Thanks to the ease of my passage through small Kigale, I was at Kayonza in the mid-afternoon. The Tanzania border is about fifty or sixty miles from here, in the bottom corner of Rwanda. I didn’t intend to cross today; border formalities are best approached in the morning, I find. Then at least there’s less pressure for the tedious stuff of bureaucracy, visas and money changing. So it seemed sensible to look for a place to sleep and have a relaxing afternoon. My free tourist map, given to me by Marechal at the Ugandan border some days ago, on which I have relied for information, showed a guest house by the long, sinuous, shallow Lake Muhazi, called the Seeds of Peace Centre. It’s delightfully situated just beside the quiet lake with lawns running down to the still water. I’ve a good enough room looking out on the lake. It’s quiet and reasonable at £15 again. The only drawback is that it is run by Episcopalians and is thus ‘dry’. However, ten minutes’ walk down the lakeside is the Jambo Bar, an empty place of beer umbrellas and plastic chairs with a hideous and fringed stork strutting about and barking at me. It looks as if it’s made from pipe cleaners and felt, rather than feathers and bones.
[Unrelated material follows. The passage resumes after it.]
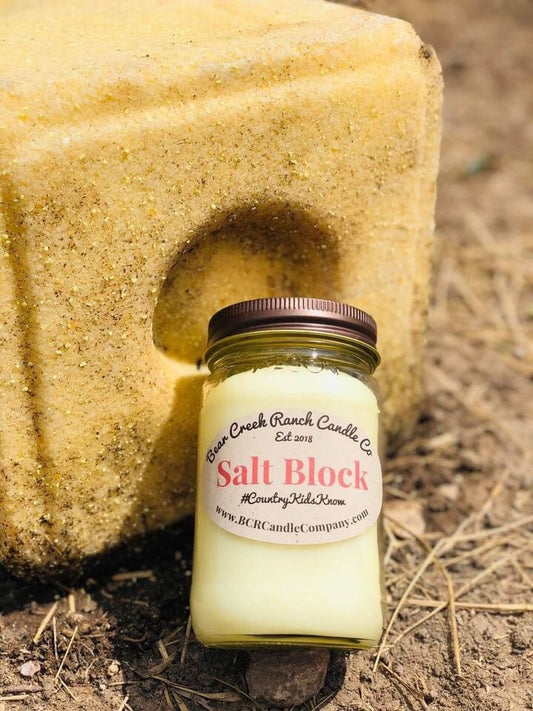 SALT BLOCK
I’ll be sorry to leave the astonishing cleanliness of this country. The people take a pride in their surroundings that is unusual anywhere in the world of my knowledge. Even the roadsides are often planted with colourful trimmed shrubs and neat grass verges. Topiary is very popular and I see many tidy displays. It is heartening to see such visual awareness and pride. Oddly enough, though, another observation I have made since being in Rwanda is that I have had to become accustomed to the strong smell of sweaty bodies! Personal dress, so often at odds with the dwellings and surroundings of most other African countries, where great pride is taken in personal appearance and incredible cleanliness despite dust and intense heat, is here the scruffiest I have seen. I accept that this is a poor society and money is a rare commodity, but where so many African nations spend a disproportionate quantity of their small personal wealth on clothes, even second hand ones, and soap, Rwandans don’t seem to care much! People do a lot of heavy manual work here; hacking at the soil with hoes, pedalling huge loads up long hills on old bicycles, carrying almost everything on their heads and backs, toiling at incredible tasks – and I have become used, even at thirty miles an hours as I pass gangs of bicycle taxi-men or resting fellows by the roadside, to wafts of sour sweat smells. All part of the rich pattern of East African life, I suppose. And I’ve also seen the amount of water that has to be carried up those hills too. Maybe washing one’s body is a low priority. I guess it would be for me if I had to lug the water as far as so many Rwandans do!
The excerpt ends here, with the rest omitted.